What should we eat for dinner and what not if we want to lose weight and if we want to sleep well? Is it true that we shouldn’t eat fruit in the afternoon? When should we last eat before going to bed? Proper nutrition and exercise are key factors in weight loss, but they are not the only ones. Numerous studies have shown that stress and sleep quality also have a significant impact on feelings of hunger, fat accumulation and metabolism. Yes, good and sufficient sleep can affect success in losing weight, because when there is a lack, the hormone ghrelin starts to be released, which is rightly called the hunger hormone, as it stimulates running. And of course, it doesn’t matter what we eat. Although we should eat healthily throughout the day, we must make sure that dinner is not too rich. Namely, if you eat too much in the evening, it may happen that your sleep will be worse. And it is really extremely important what we eat in the evening. In the late hours, we should especially avoid foods that contain a lot of fat, salt or sugar. For a balanced digestion, we recommend foods rich in fiber, such as whole grain bread and cereals, fruits, vegetables, legumes, and don’t forget to drink enough water throughout the day.

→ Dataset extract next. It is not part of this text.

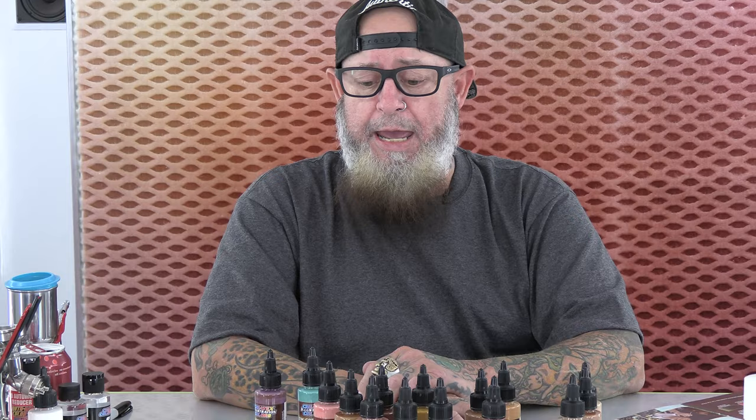I think this is a great starting set. It's good for the professional seasoned painter too — it gets you somewhere. It's a complete set and a good base skin color palette. Alright, I'm Tim Gore at Createx Colors, and I'll talk to you soon. Thank you.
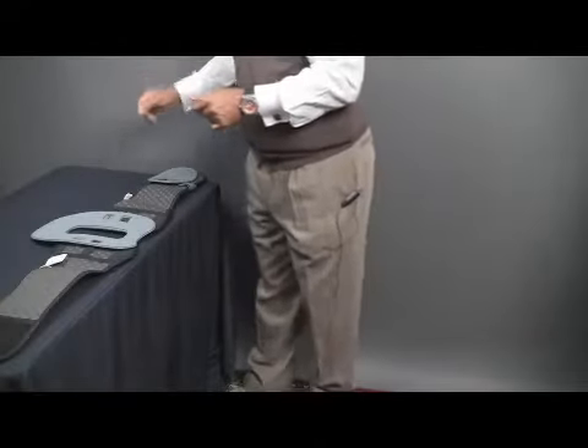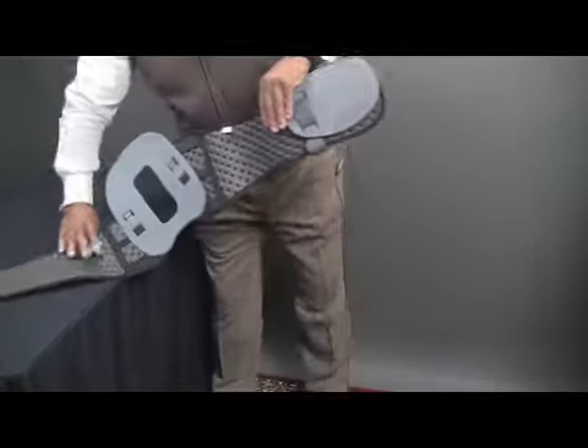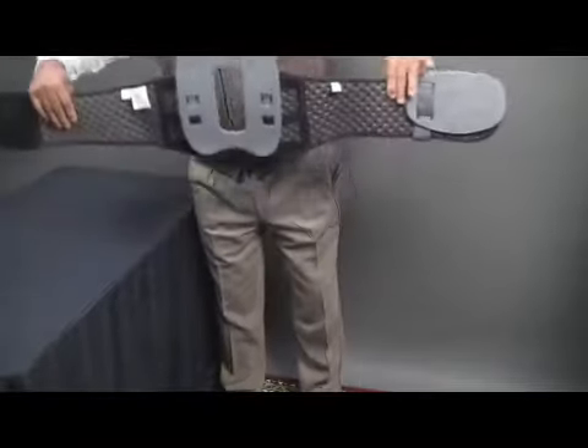Now we're ready to fit a Cybertek Premium Plus Brace. Again, waffle pattern. Again, larger posterior panel than you have in the Cybertek Flex.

Suitable and healthy evening meals are, for example, stew with vegetables and parsley, salad with fresh vegetables and roasted chicken breast, and chickpeas with roasted peppers, spinach leaves and egg. Quality dinners include turkey meat, cottage cheese, banana and a not-too-sweet apple. In the late hours, for example, it is not good to eat chocolate, as it contains caffeine, and alcohol, which can mainly affect sleep in the REM phase. Otherwise, there are no strict rules as to how many hours before bedtime you should last eat, although many advise the last meal around two hours before bedtime. As mentioned, it may happen that you have difficulty falling asleep or sleep worse because of an overabundant dinner. Otherwise, experts generally do not advise giving up dinner, because for a healthy way of eating, you should always eat five meals during the day – three main ones, i.e. breakfast, lunch and dinner, and two snacks, which should be smaller, bridging meals.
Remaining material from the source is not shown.